Crawled caption data:
:::::

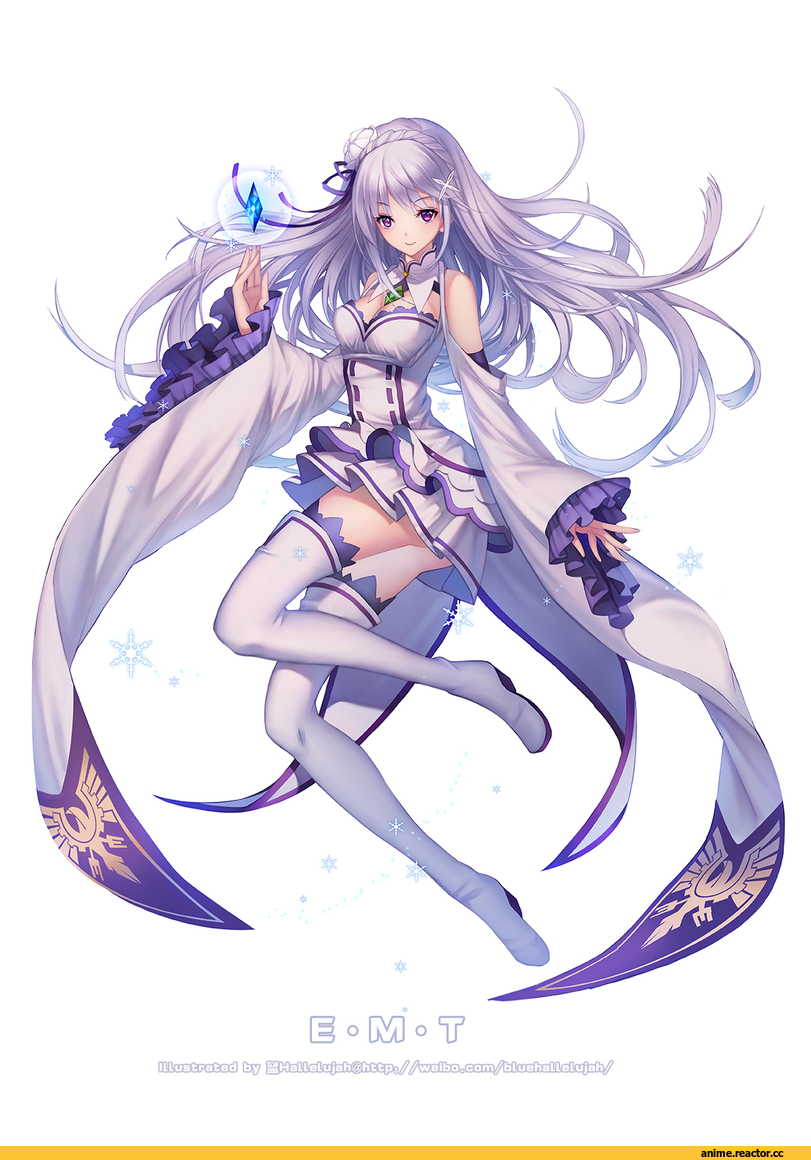 Re Zero Kara Hajimeru Isekai Seikatsu, Emilia (re zero), blue hallelujah, Anime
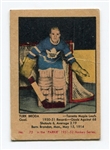 1951-52 Parkhurst Hockey #75 HOFer Turk Broda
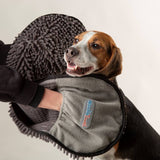 Scruffs Noodle grey pet drying towel 80x30cm - British product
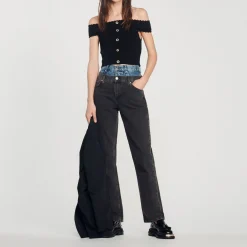 Clearance Cropped Knit Top Women Sweaters & Cardigans
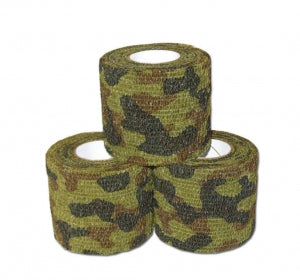 Milliken CoFlex Nonsterile Cohesive Bandages - CoFlex NL Nonsterile Self-Adherent Bandages, Tan Camouflage Design, 2" x 5 yd. (5.1 cm x 4.6 m) - 5200CM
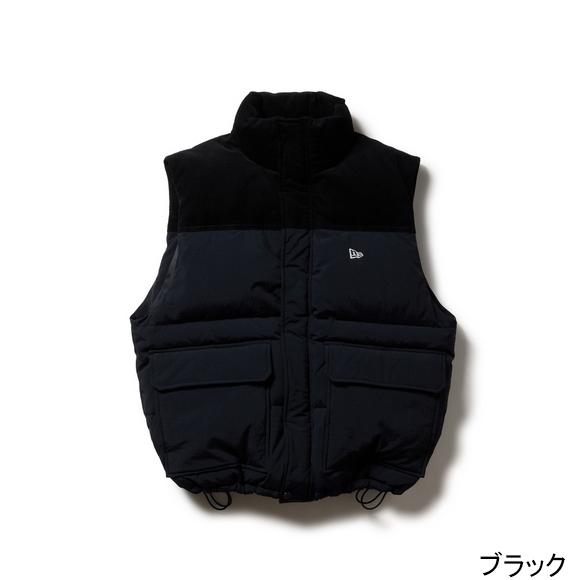ニューエラ NEW ERA ダウンベスト コンビ メンズ レディース アウター カジュアル タウンユース 旅行 アクティビティ クリスマス ベスト_5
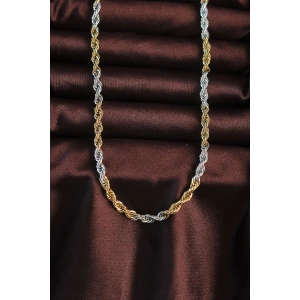 316L Çelik Çift Renk Burgu Tasarımlı Kolye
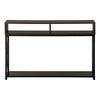 Espresso Black Metal Hall Console Accent Table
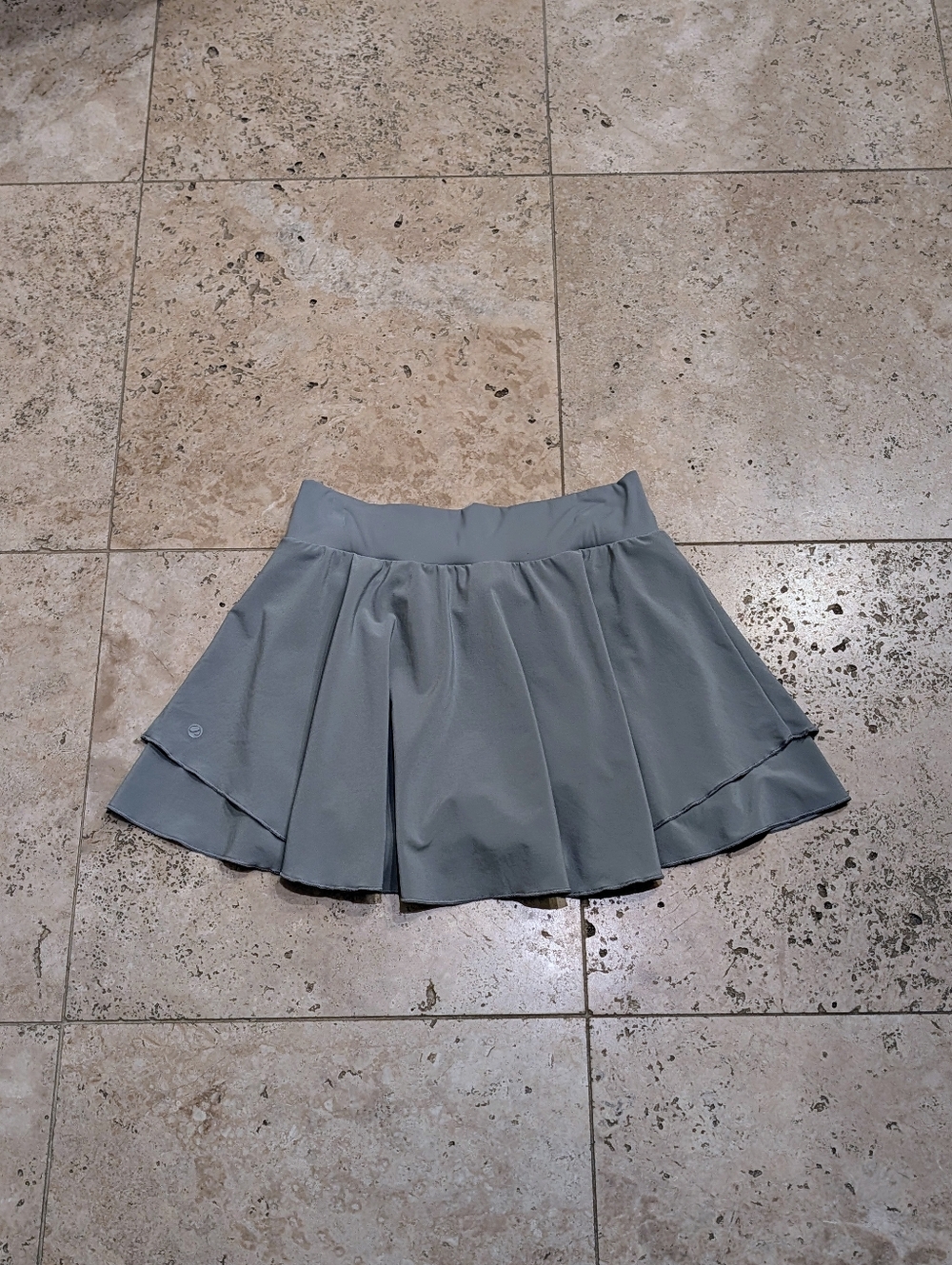 CRZ YOGA Feathery-Fit Soft Ruffle Layered Tennis Skirt 13'' NWOT Size S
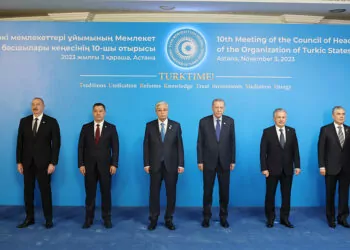 Türk devletleri teşkilatı 10'uncu zirvesi'nden aile fotoğrafı
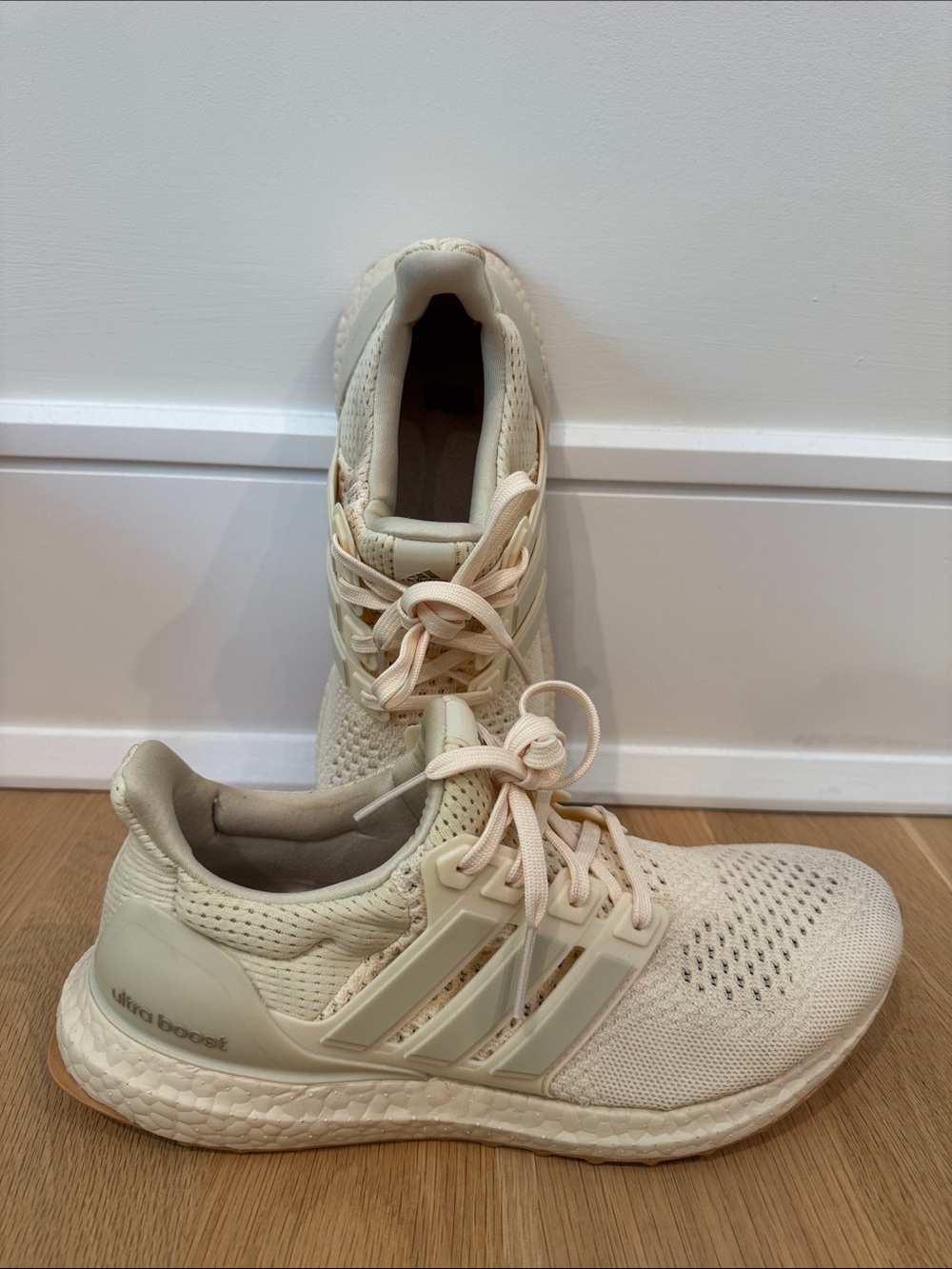 adidas Women’s Cream/Beige UltraBoost Knit Sneakers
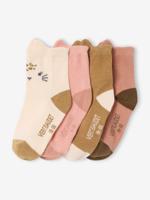 Set van 4 paar sokken "dieren" baby rozen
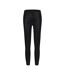 Womens/ladies Move Patterned High Rise Leggings Black Biba-1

:::::

### Activity
The lines wanted are those from the one with "Set van 4 paar" to the end of the entries above, repeated exactly, both ends included. Leave out the pictures.

### Task output
 Set van 4 paar sokken "dieren" baby rozen
 Womens/ladies Move Patterned High Rise Leggings Black Biba-1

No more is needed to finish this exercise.